**Try it:** Pictures are to be omitted. Output only the lines from the one containing "Louis Vuitton Light" through the end of the data, word for word.

**Source data:**
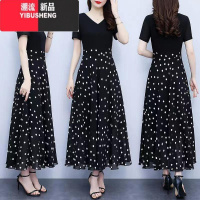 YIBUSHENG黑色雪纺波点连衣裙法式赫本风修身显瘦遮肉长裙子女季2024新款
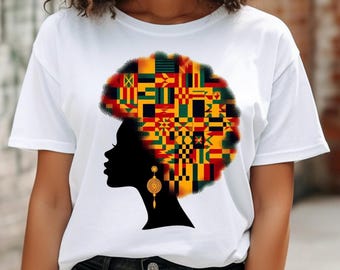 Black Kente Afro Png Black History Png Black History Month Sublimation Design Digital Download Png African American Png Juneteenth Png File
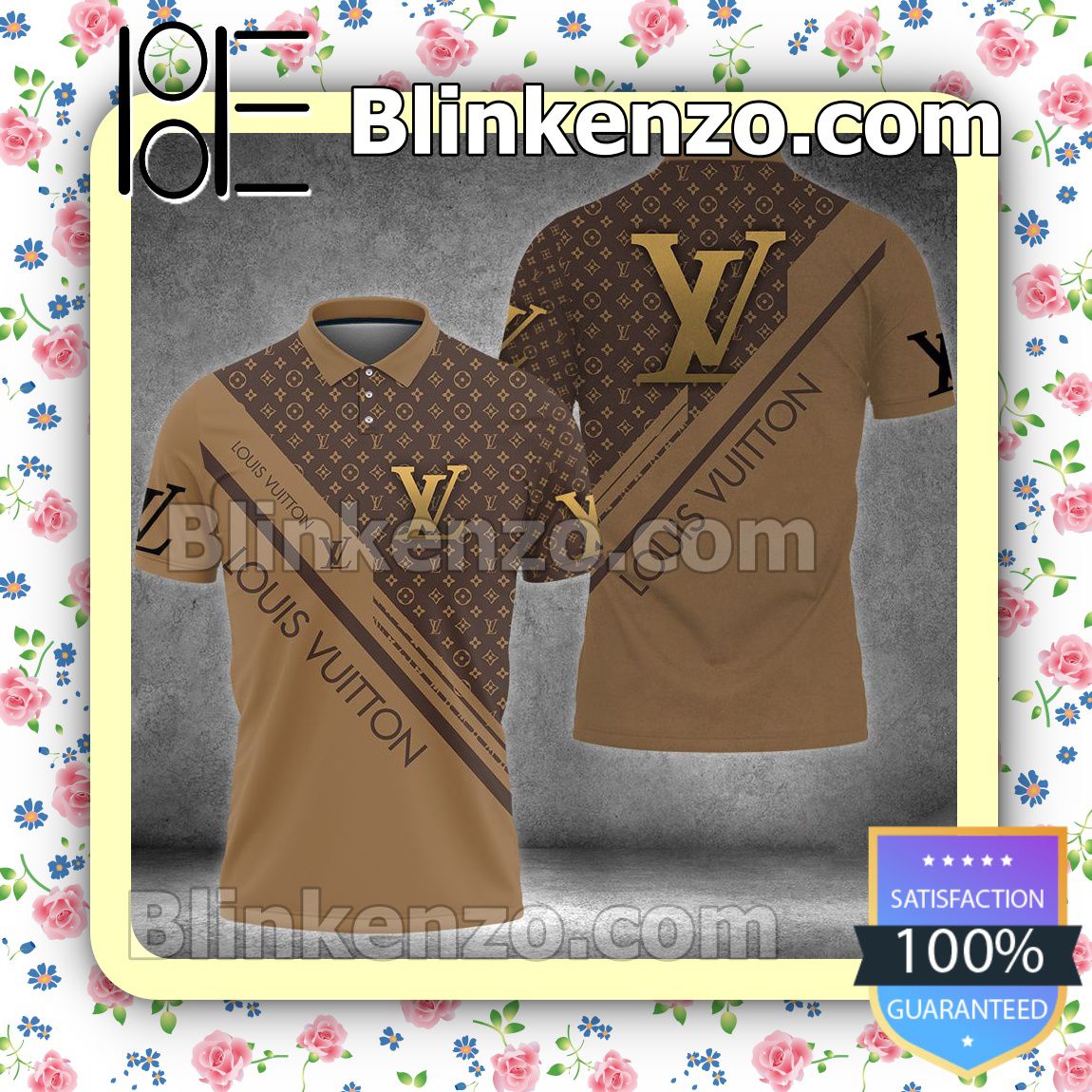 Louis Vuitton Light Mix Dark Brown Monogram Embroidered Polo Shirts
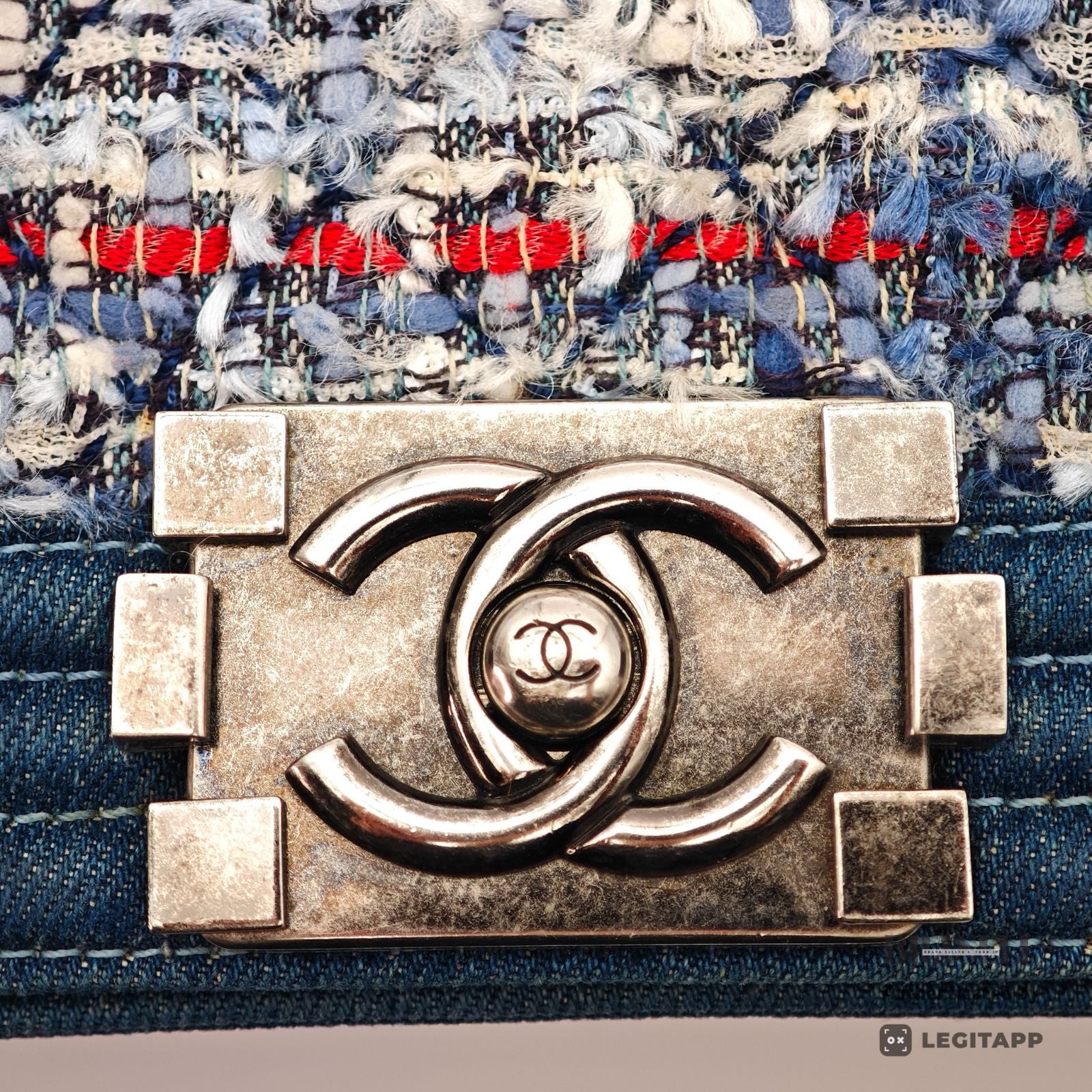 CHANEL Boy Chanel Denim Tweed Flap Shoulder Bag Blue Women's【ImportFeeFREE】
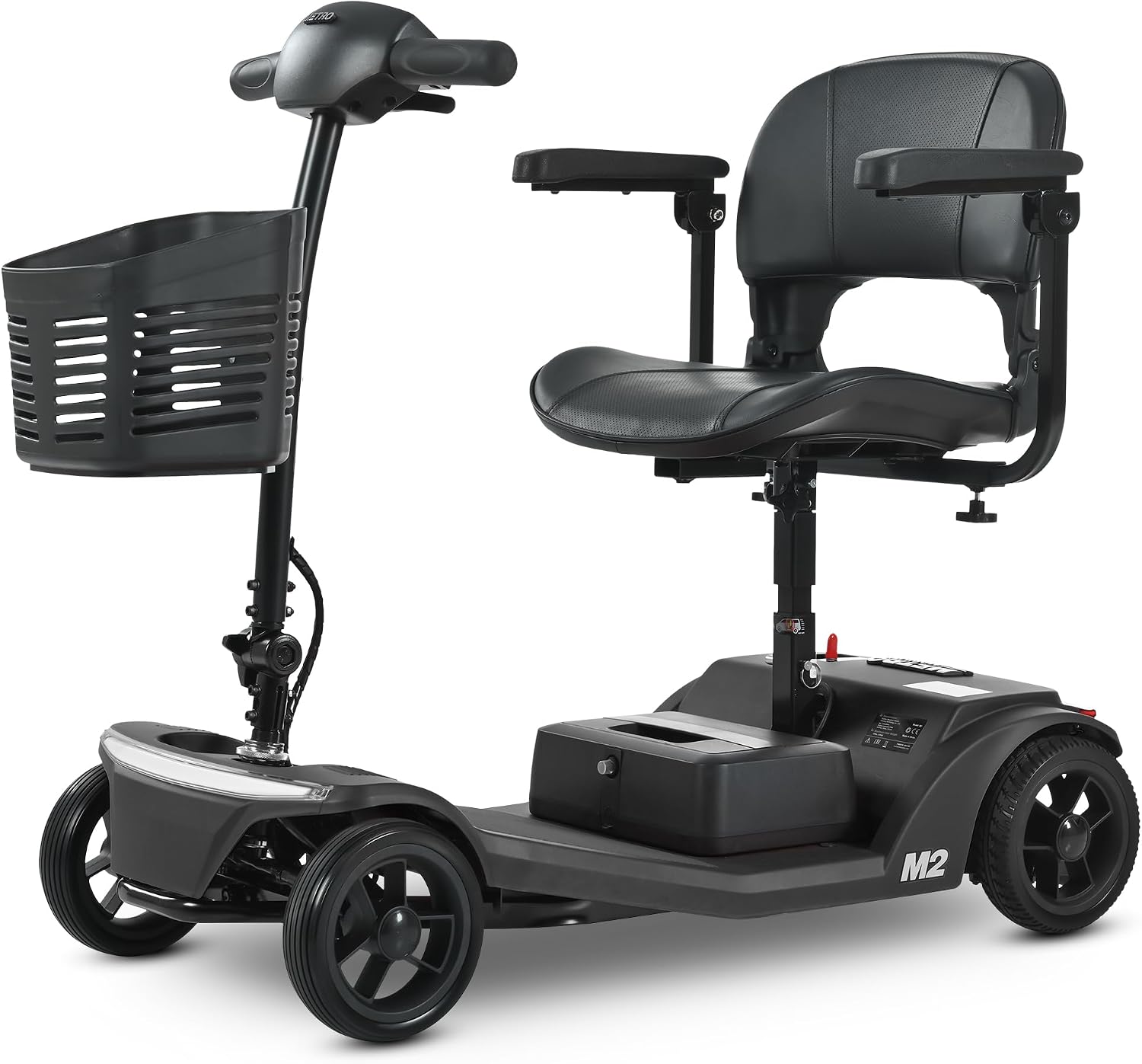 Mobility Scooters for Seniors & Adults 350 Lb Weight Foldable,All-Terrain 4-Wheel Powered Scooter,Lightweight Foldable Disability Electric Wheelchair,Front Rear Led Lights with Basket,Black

**Task solution:**
 Louis Vuitton Light Mix Dark Brown Monogram Embroidered Polo Shirts
 CHANEL Boy Chanel Denim Tweed Flap Shoulder Bag Blue Women's【ImportFeeFREE】
 Mobility Scooters for Seniors & Adults 350 Lb Weight Foldable,All-Terrain 4-Wheel Powered Scooter,Lightweight Foldable Disability Electric Wheelchair,Front Rear Led Lights with Basket,Black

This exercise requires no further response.